BEGIN DATA BLOCK
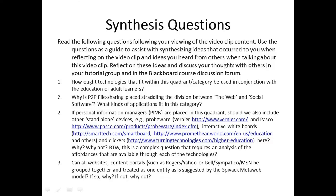By the way, this is a complex question that requires an analysis of the affordances that are available through each of the technologies, and there are multiple affordances. Question 3: can all websites and content portals such as Rogers Yahoo, Bell Sympatico, and MSN be grouped together and treated as one entity, as is suggested by the Spivak MetaWeb model? If so, why? If not, why not?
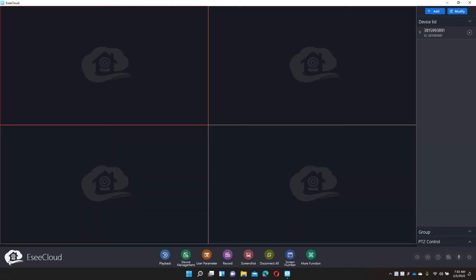Hello everyone, thanks for stopping back again today. Today I thought I would do a video on the Hi-C U 2K camera system. I thought I would do a video on the desktop app and pull up some cameras and look at some footage.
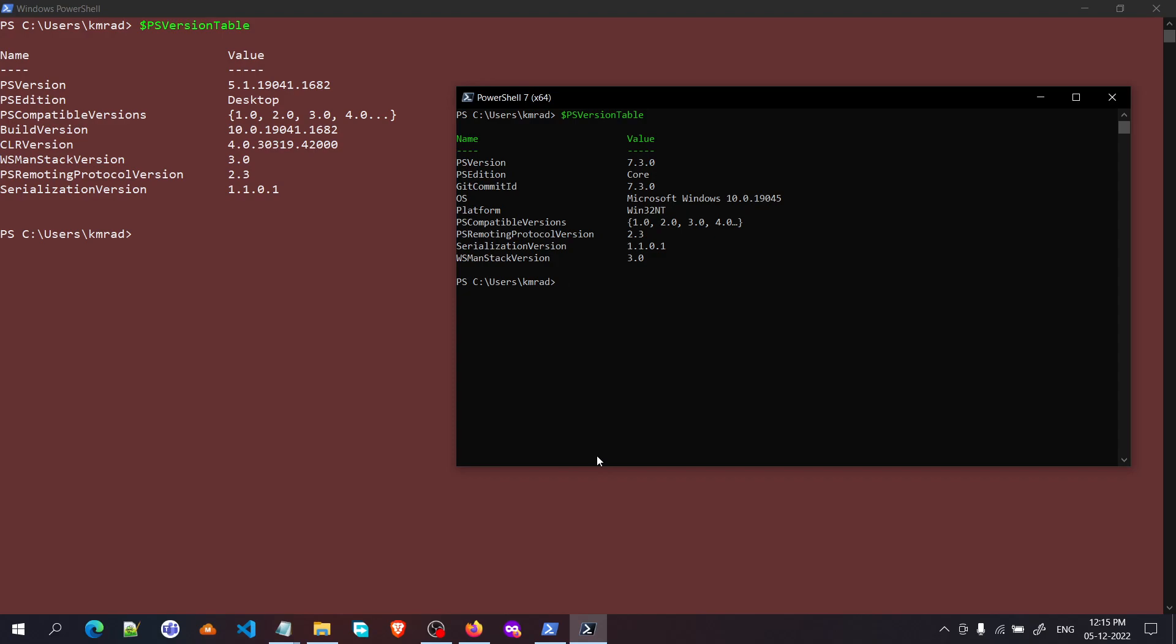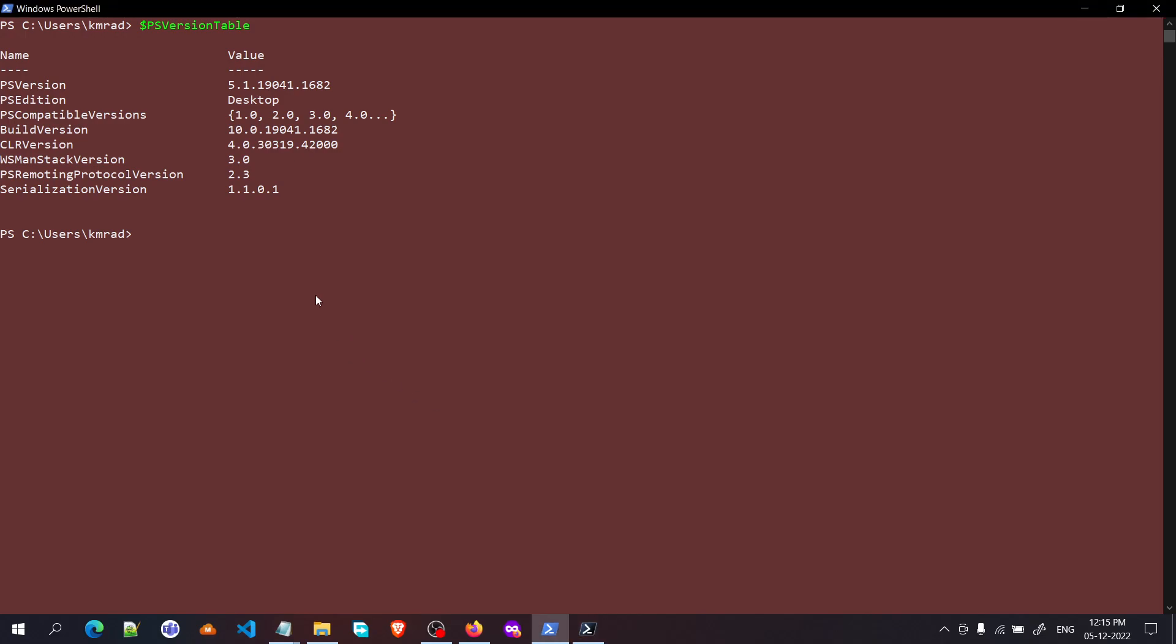If you haven't used Winget before, you will get terms and conditions—just press Y to agree to it. First, we need to search for it, so let's say 'winget search powershell'.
END DATA BLOCK
● **EXERCISE GOAL**
In your copy, leave out the pictures and reproduce the material above exactly.

● **EXPECTED ANSWER**
By the way, this is a complex question that requires an analysis of the affordances that are available through each of the technologies, and there are multiple affordances. Question 3: can all websites and content portals such as Rogers Yahoo, Bell Sympatico, and MSN be grouped together and treated as one entity, as is suggested by the Spivak MetaWeb model? If so, why? If not, why not?
Hello everyone, thanks for stopping back again today. Today I thought I would do a video on the Hi-C U 2K camera system. I thought I would do a video on the desktop app and pull up some cameras and look at some footage.
If you haven't used Winget before, you will get terms and conditions—just press Y to agree to it. First, we need to search for it, so let's say 'winget search powershell'.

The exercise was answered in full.